正文

梦幻泡面

浮生 作者:刘汀 著


梦幻泡面

九十年代中期,我在内蒙古北方的一个小镇上读高中。

说是小镇,其实不过是有几栋七八层的高楼、几条零落着商店和小吃店的街道,本质上还是大一点儿的村子。学校的食堂极其简陋,饭菜更是口味单调,缺少油水,分量也不足。我们十七八岁的身体,每天都在对食物的极度饥渴中度过。或许,我与其他小伙伴略有不同的是,在寻找食物的同时,也在疯狂地搜罗着故事。稍有点儿叙事性的课程——语文、历史或每周一节课时间的阅览室时光,无法让我感到真正的满足。于是,散落在小镇四处的租书亭成了我捕捉故事的最好居所。租一本书,一天五毛钱,五毛钱买来任何大饭店都没有的虚构大餐。我经常晚自习时偷偷溜出学校,怀里揣着一本刚看完的通俗小说,匆匆去敲租书亭的铁门,像秘密接头的特务一样,跟老板换另一本书,再翻墙赶回教室。其代价是,仅有的只能换来简单食物的伙食费,又被租书占去了三分之一。但阅读的满足感,令我宁可饿肚子。
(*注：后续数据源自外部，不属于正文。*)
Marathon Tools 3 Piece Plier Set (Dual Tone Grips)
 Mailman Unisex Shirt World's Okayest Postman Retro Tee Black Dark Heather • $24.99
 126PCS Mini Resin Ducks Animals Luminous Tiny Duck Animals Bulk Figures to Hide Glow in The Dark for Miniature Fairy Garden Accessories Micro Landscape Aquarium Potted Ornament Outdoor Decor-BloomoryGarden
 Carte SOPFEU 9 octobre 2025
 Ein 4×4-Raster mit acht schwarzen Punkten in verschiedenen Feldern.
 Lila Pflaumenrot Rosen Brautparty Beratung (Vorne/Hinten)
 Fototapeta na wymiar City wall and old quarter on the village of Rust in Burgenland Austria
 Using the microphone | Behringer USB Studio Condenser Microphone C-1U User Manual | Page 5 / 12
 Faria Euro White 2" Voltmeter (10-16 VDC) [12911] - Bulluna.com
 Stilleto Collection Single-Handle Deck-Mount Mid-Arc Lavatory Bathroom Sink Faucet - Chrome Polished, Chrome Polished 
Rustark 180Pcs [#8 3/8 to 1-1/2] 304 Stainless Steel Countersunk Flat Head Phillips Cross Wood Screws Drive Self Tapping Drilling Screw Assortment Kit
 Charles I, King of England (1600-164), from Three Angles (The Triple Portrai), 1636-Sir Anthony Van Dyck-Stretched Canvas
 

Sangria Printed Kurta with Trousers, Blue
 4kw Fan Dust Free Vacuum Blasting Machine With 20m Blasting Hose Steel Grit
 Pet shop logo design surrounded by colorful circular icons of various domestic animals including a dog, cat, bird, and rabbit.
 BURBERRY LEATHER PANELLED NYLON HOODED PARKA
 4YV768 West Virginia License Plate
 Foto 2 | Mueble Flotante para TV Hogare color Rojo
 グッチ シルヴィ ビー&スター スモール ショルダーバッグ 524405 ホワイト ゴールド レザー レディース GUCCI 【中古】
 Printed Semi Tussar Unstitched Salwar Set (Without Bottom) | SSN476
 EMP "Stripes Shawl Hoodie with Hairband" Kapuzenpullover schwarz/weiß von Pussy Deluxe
在一年多的疯狂阅读中,我看遍了小镇租书亭里所有的书,武侠小说、言情小说、商战小说、民间故事,甚至那时还不甚了了的盗版《平凡的世界》及盗版的几大本《鲁迅文学奖作品选》。这两部书躲在租书亭的木格子里,少有人碰,老板允许我以平时一半的租金借走它们。几天之后,我朦胧地感到自己打开了一个全新的世界,看到了完全不同的故事。而那些武侠小说看完,多是留下了零零碎碎的情节,也有的书虽只剩几句话深深印在脑中,直到此刻依然清晰如昨。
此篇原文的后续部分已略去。